Le délibéré a été prorogé en raison de la charge de travail de la Cour.
EXPOSE DU LITIGE
FAITS ET PROCEDURE
1- Madame [X] [R] a été engagée en qualité de téléphoniste CIT (centre d'information téléphonique), catégorie employée, coefficient 170 par la société Conex, aux droits de laquelle vient la SA Keolis [Localité 4] métropole, par contrat de travail à durée indéterminée à compter du 1er novembre 2004 avec une reprise d'ancienneté au 12 juillet 2004.
Les relations contractuelles entre les parties étaient soumises à la convention collective nationale des réseaux de transports publics urbains de voyageurs.
Le 1er octobre 2012, Mme [R] a été promue au poste de coordinatrice au centre d'appels, puis le 1er juillet 2014, au poste de responsable d'équipe information voyageurs, catégorie technicien agent de maîtrise, coefficient 220.
Mme [R] a été placée en arrêt maladie de mars à mai 2016.
A compter du 3 juillet 2017, Mme [R] a été détachée temporairement au poste de secrétaire commerciale en remplacement d'une collègue.
Mme [R] a de nouveau été placée en arrêt maladie du 3 janvier 2018 au 16 mars 2018.
Par avenant du 1er octobre 2018, Mme [R] a intégré définitivement le poste de secrétaire commerciale au sein de la direction marketing commerciale et intermodalité.

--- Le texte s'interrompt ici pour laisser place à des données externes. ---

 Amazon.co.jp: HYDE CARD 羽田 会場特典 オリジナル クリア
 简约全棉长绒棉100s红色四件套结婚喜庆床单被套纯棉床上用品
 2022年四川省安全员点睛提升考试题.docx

2- Par lettre datée du 26 août 2019, Mme [R] a été convoquée à un entretien préalable à un éventuel licenciement fixé au 5 septembre 2019 avec dispense d'activité pendant la durée de la procédure.
Le 6 septembre 2019, Mme [R] a été convoquée à un entretien d'instruction préalable au conseil de discipline, fixé au 12 septembre suivant.

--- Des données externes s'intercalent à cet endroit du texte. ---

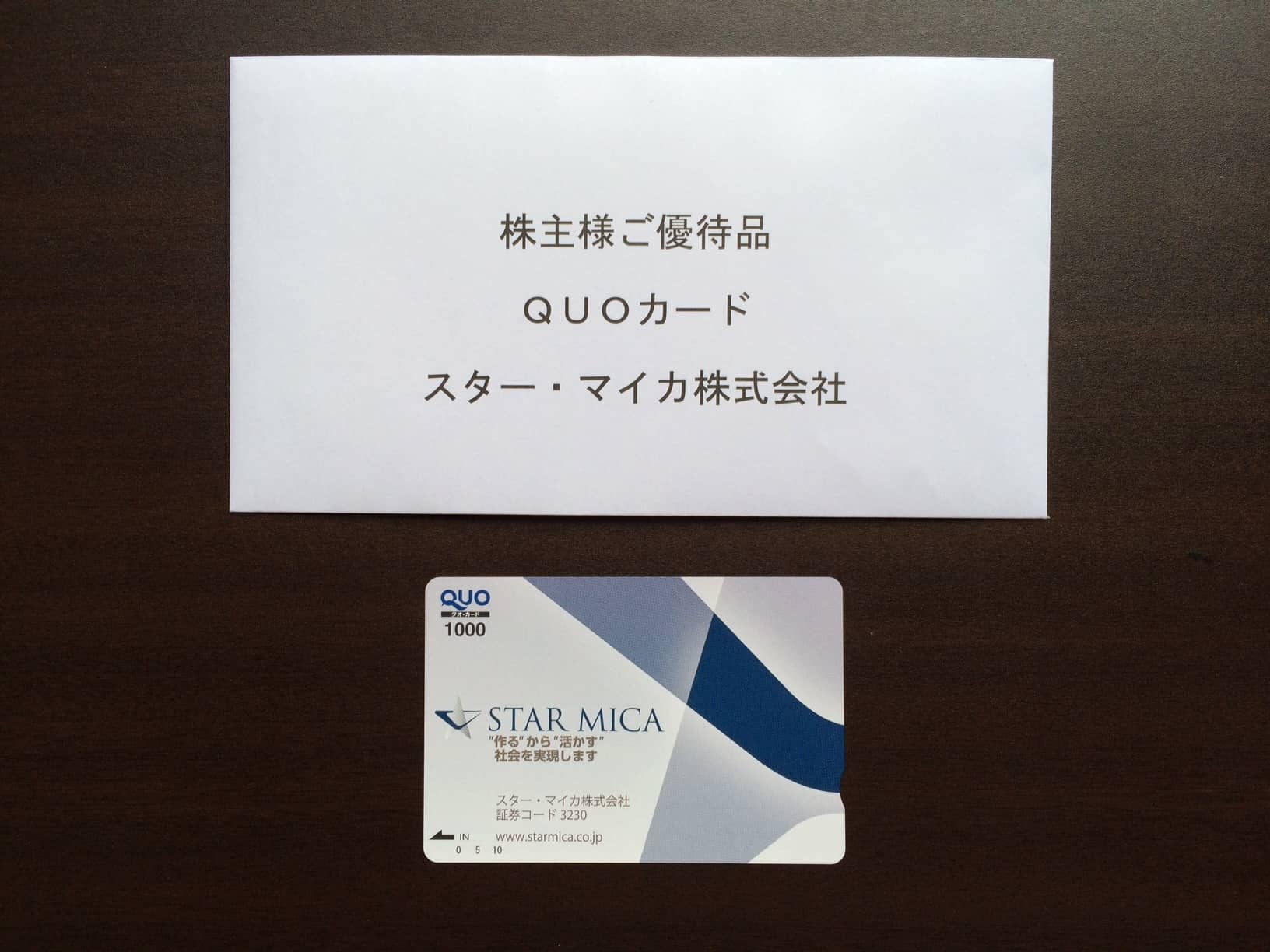 スターマイカ(3230)の株主優待は?優待や配当利回り、到着時期、ビジネスモデルなど解説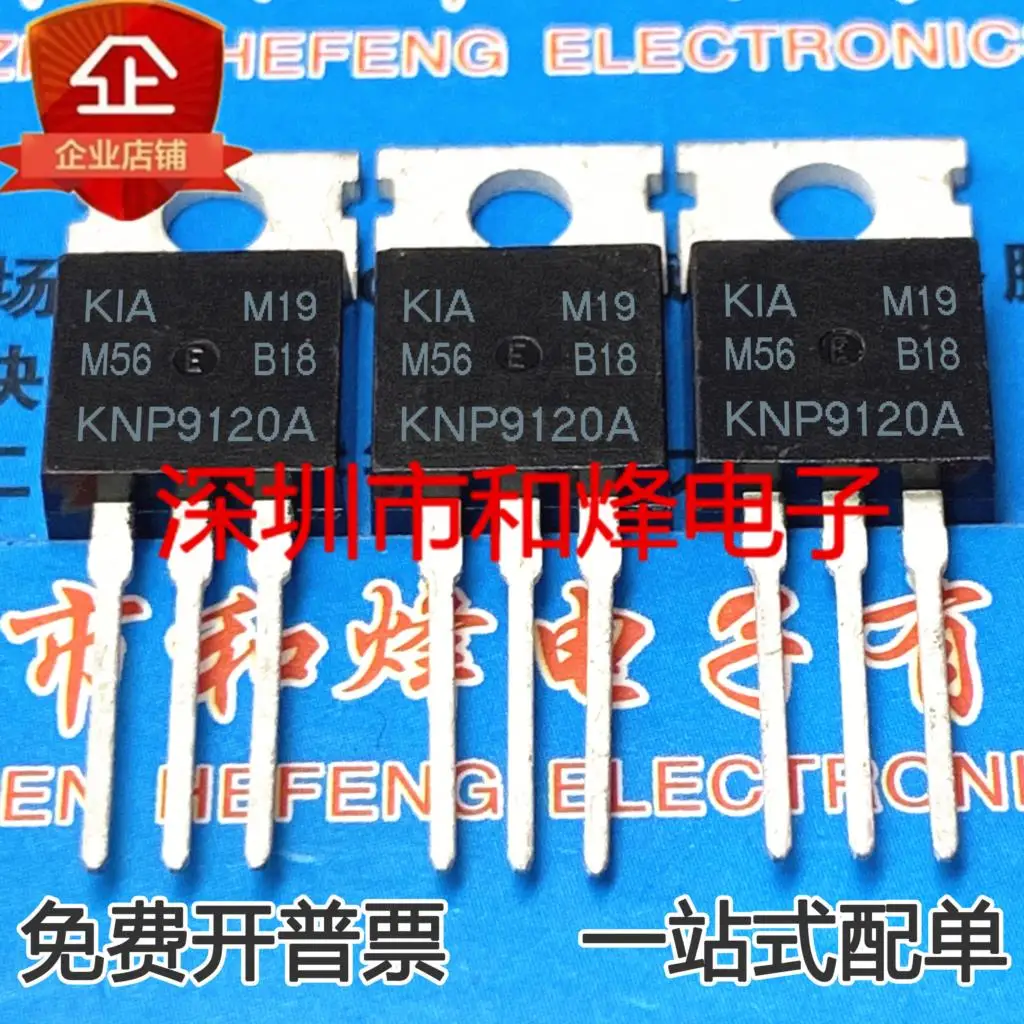 

10 шт./лот KNP9120A 40A 200V MOS действительно в наличии, лучшее качество, в наличии Быстрая доставка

Mme [R] a ensuite été licenciée pour faute grave par lettre datée du 1er octobre 2019 aux motifs d'un comportement inadapté avec ses collègues de travail de nature à créer une ambiance délétère dans le service et mettre en péril leur santé et leur sécurité ainsi qu'une insuffisance de travail et une insubordination constitutives de manquements à ses obligations contractuelles.
3- Par requête reçue le 6 décembre 2019, Mme [R] a saisi le conseil de prud'hommes de Bordeaux contestant la légitimité de son licenciement et réclamant diverses indemnités, outre des dommages et intérêts pour harcèlement moral.

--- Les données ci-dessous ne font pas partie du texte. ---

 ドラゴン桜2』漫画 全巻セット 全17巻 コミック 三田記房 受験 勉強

Par jugement rendu en formation de départage le 31 août 2022, le conseil de prud'hommes a :
- dit que le licenciement de Mme [R] est fondé sur une faute grave ;
- débouté Mme [R] de toutes ses demandes ;
- dit n'y avoir pas lieu à exécution provisoire ;
- condamné Mme [R] à payer à la SA Keolis [Localité 4] métropole la somme de 3 000 euros au titre de l'article 700 du code de procédure civile ;
- condamné Mme [R] aux dépens.
4- Par déclaration électronique du 26 septembre 2022, Mme [R] a relevé appel de cette décision.
La SA Keolis [Localité 4] métropole a cessé toute activité au 31 décembre 2022 et a transféré l'ensemble de son activité commerciale et des contrats de travail du personnel à la SA Keolis [Localité 4] métropole mobilités (en suivant, la société KB2M) au 1er janvier 2023.